INSTRUCTIONS FOR THE TASK:
Print exactly the lines below between the line containing "size 7.25 sterling" and the line containing "to detail. Close-up", counting both of those lines. Leave pictures out.

EXERCISE DATA:

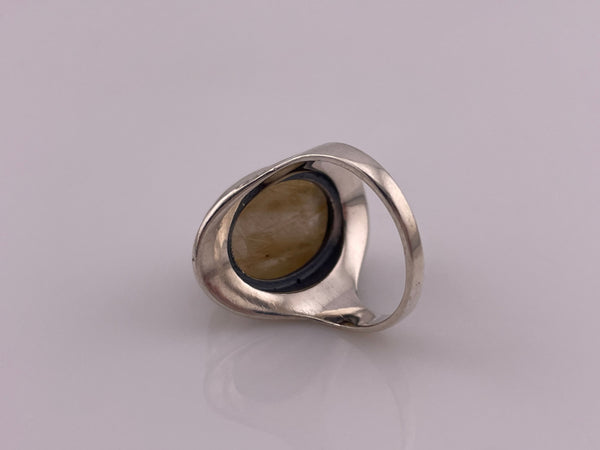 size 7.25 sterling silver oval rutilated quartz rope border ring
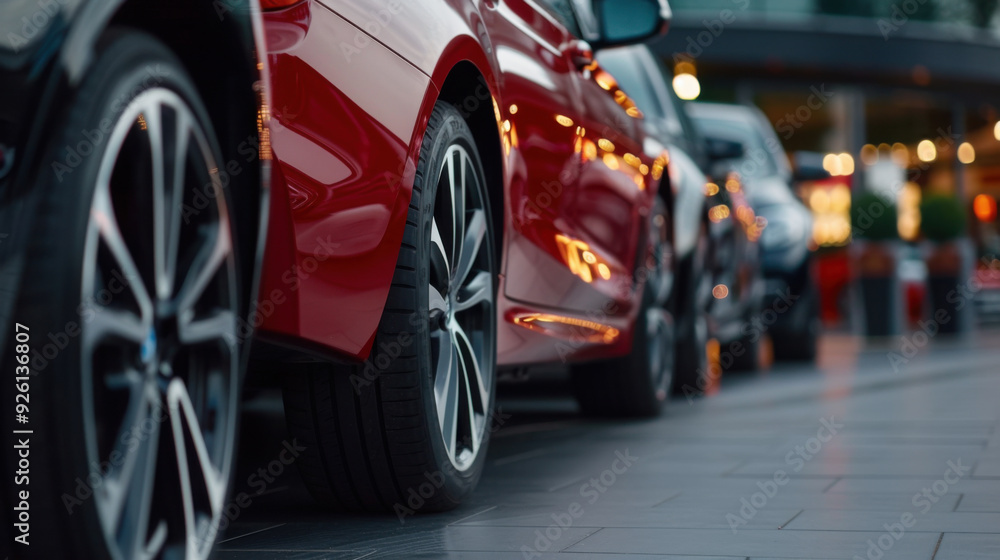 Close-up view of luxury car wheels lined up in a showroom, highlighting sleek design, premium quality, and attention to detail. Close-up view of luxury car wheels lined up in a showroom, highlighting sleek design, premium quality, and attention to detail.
* * *
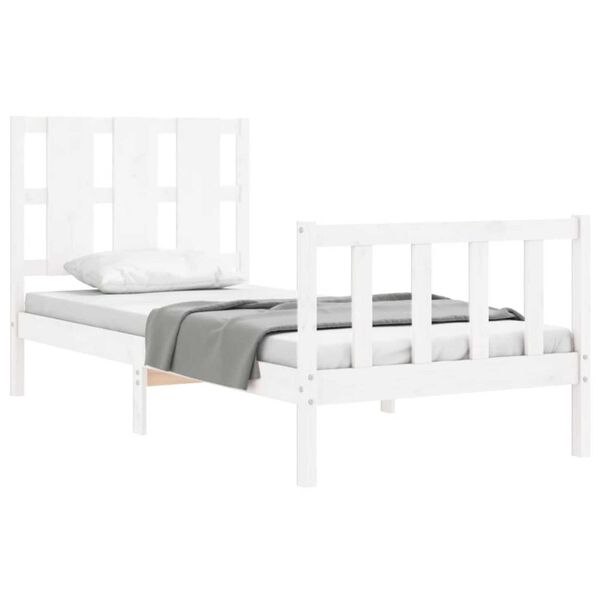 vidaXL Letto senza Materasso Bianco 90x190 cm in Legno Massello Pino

TASK RESULT:
 size 7.25 sterling silver oval rutilated quartz rope border ring
 Close-up view of luxury car wheels lined up in a showroom, highlighting sleek design, premium quality, and attention to detail. Close-up view of luxury car wheels lined up in a showroom, highlighting sleek design, premium quality, and attention to detail.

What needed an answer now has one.